** Activity **
The records underneath are to be repeated exactly, with the pictures left out.
[[ Input for this task open ]]
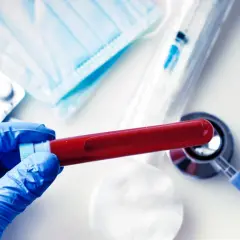 Rękawiczka w niebieskiej rękawicy trzyma probówkę z krwią. Obok leżą maseczka, tabletki, strzykawka i stetoskop. Wyniki badań wskazują, że cholesterol jest podwyższony.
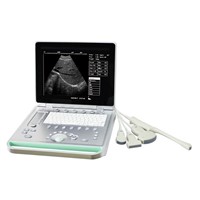 Built-in battery laptop ultrasound scanner for medical use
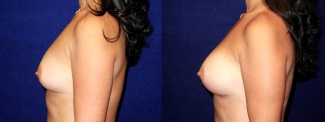 Left Profile View - Breast Augmentation - Silicone Implants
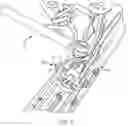 Fig. 02 - Snowmobile assistant device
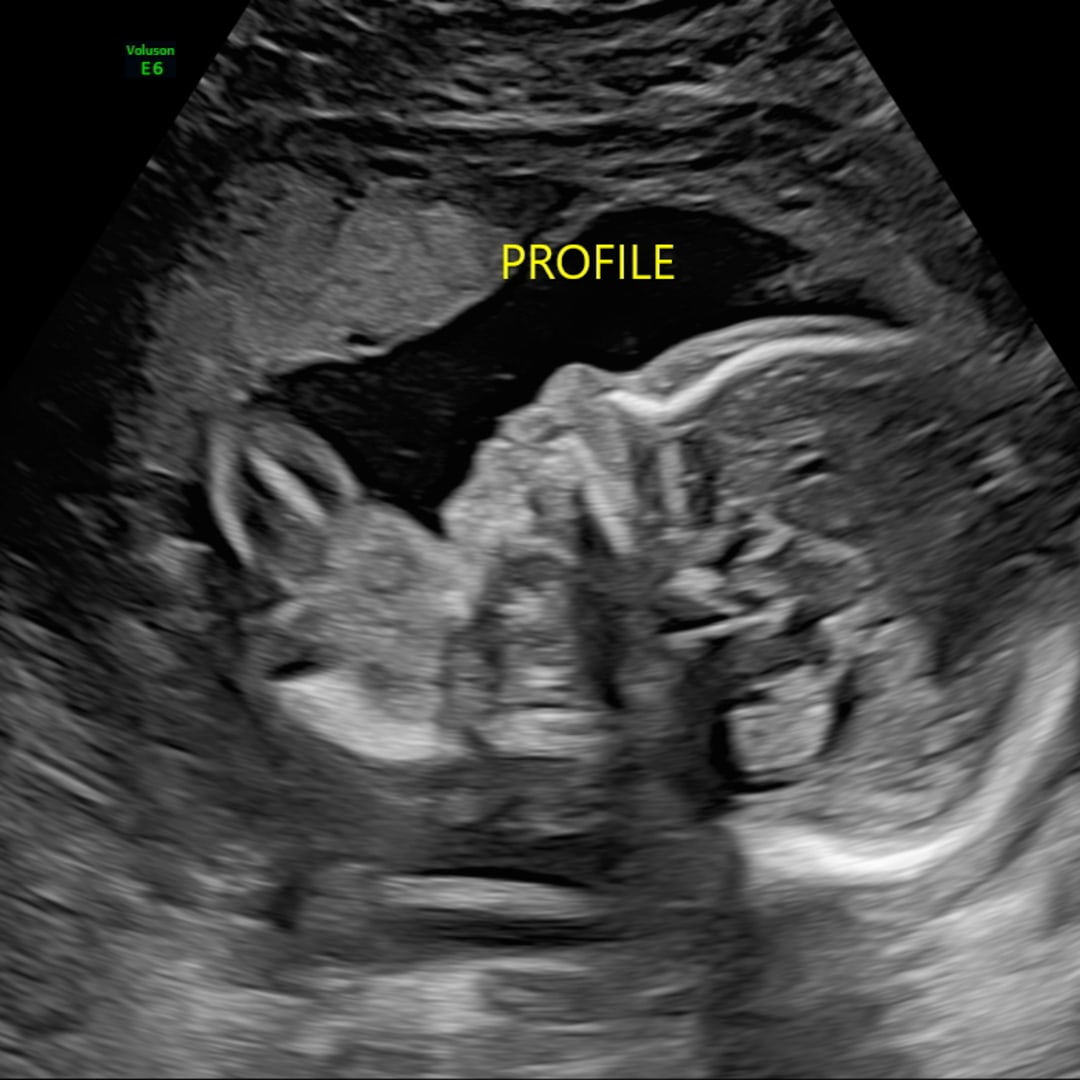 Photo shared by Coy for their Babylist baby registry.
[[ Input for this task closed ]]
** Result **
 Rękawiczka w niebieskiej rękawicy trzyma probówkę z krwią. Obok leżą maseczka, tabletki, strzykawka i stetoskop. Wyniki badań wskazują, że cholesterol jest podwyższony.
 Built-in battery laptop ultrasound scanner for medical use
 Left Profile View - Breast Augmentation - Silicone Implants
 Fig. 02 - Snowmobile assistant device
 Photo shared by Coy for their Babylist baby registry.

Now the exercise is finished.